The bank is one of thousands named in a massive data dump known as the Panama Papers, which appear to outline how Panamanian law firm Mossack Fonseca has helped countless international power brokers set up foreign corporations.
The full scale of the data has yet to be revealed. But CBC News can confirm that the documents show Canada's biggest lender used Mossack Fonseca's services to set up at least 370 such entities for its clients over the years.
There's nothing illegal about foreign incorporations, something a bank spokesman was quick to note in a request for comment from CBC News on Monday.
"There are a number of legitimate reasons to set up a holding company," Tanis Feasby said. "If we have reason to believe a client is seeking to commit a criminal [offence] by evading taxes, we would report the offence and not do business with the client."
"We have an extensive due diligence process to ensure we understand who the client is and what their intentions are, and will not proceed with a transaction until we do."

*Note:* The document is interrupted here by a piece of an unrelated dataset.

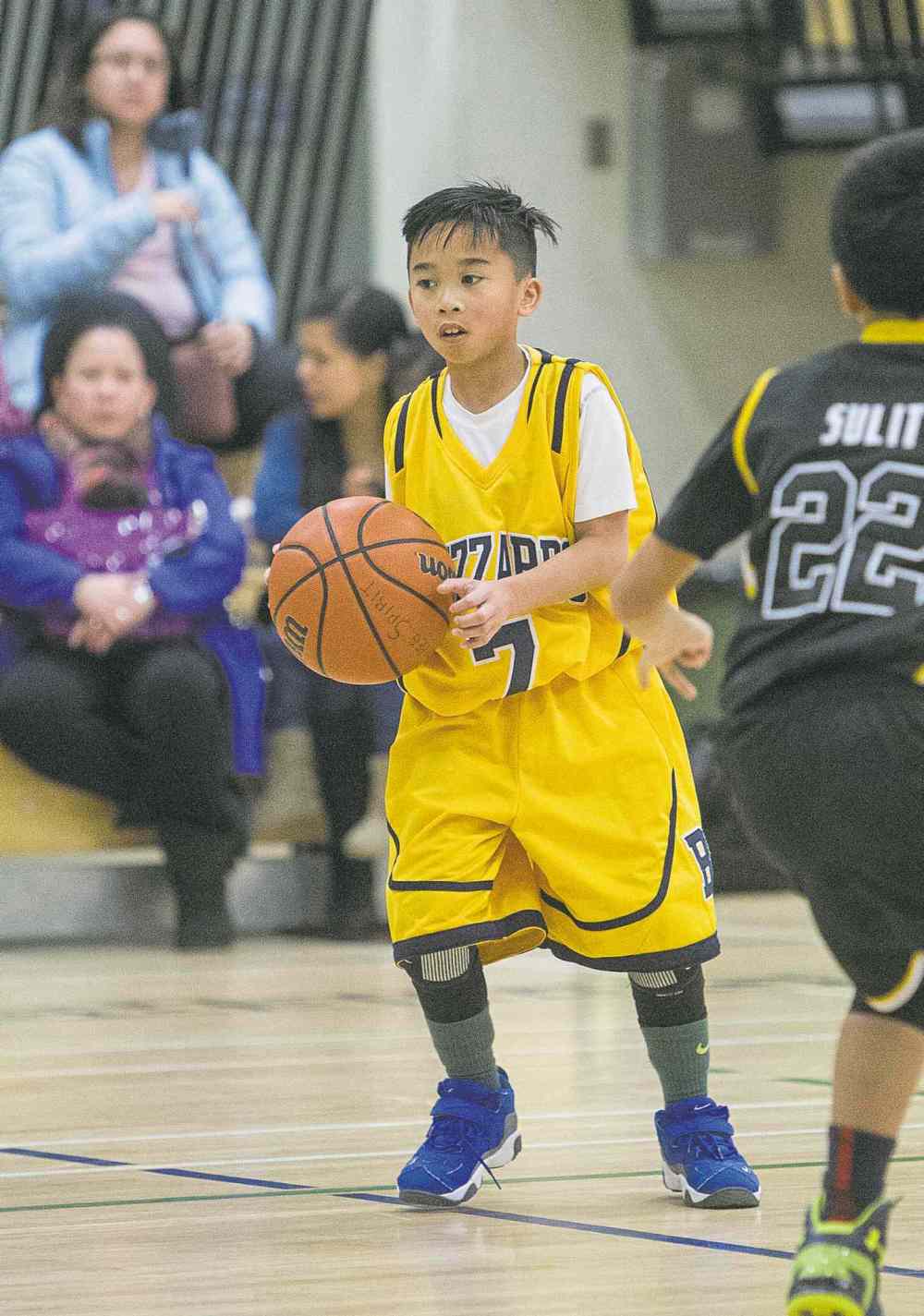 MIKE DEAL / WINNIPEG FREE PRESS
MIKE DEAL / WINNIPEG FREE PRESS
Andrei Capucion was one of about 1,000 players who competed in the opening day of Winnipeg�s Philippine Basketball Association.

"RBC works within the legal and regulatory framework of every country in which we operate," Feasby continued. "Tax evasion is illegal, and we have established controls, policies and procedures in place to detect it and prevent it occurring through RBC. We have high standards, and our internal policies build on the regulatory requirements in each jurisdiction."

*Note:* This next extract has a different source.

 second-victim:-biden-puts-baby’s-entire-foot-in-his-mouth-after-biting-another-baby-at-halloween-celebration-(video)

"We make sure our clients have the information they need to properly file their taxes and we advise them of their obligation to do so. We also advise them to seek independent professional tax advice."

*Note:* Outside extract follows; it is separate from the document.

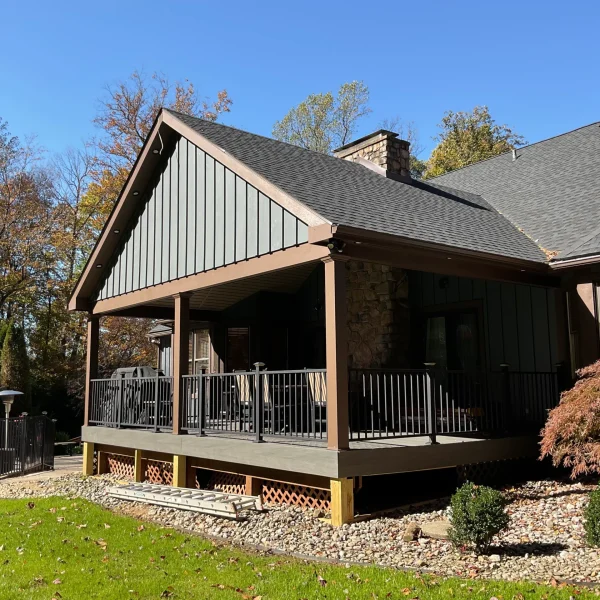 Front view of a house with a dark gray roof, covered porch, and brown trim amid fall trees under a blue sky.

The sheer size of the data dump — at 2.6 terabytes of data, the Panama Papers are exponentially larger than WikiLeaks' massive release of diplomatic cables in 2010 — is "striking," Christians acknowledges, considering they come from just one law firm. But, she says, they point to "something that looks like it has global proportions."
Christians draws a firm line between tax avoidance and tax evasion, with the former being a valid practice but the latter in need of stamping out. The distinction between the two is admittedly hard to decipher and, as she says, "if it was easy to solve we would have solved it."
It remains to be seen if any of the documents will produce a paper trail to any illicit activity, but "if that's the case, there's a lot of parties involved in perpetuating this fraud on the public."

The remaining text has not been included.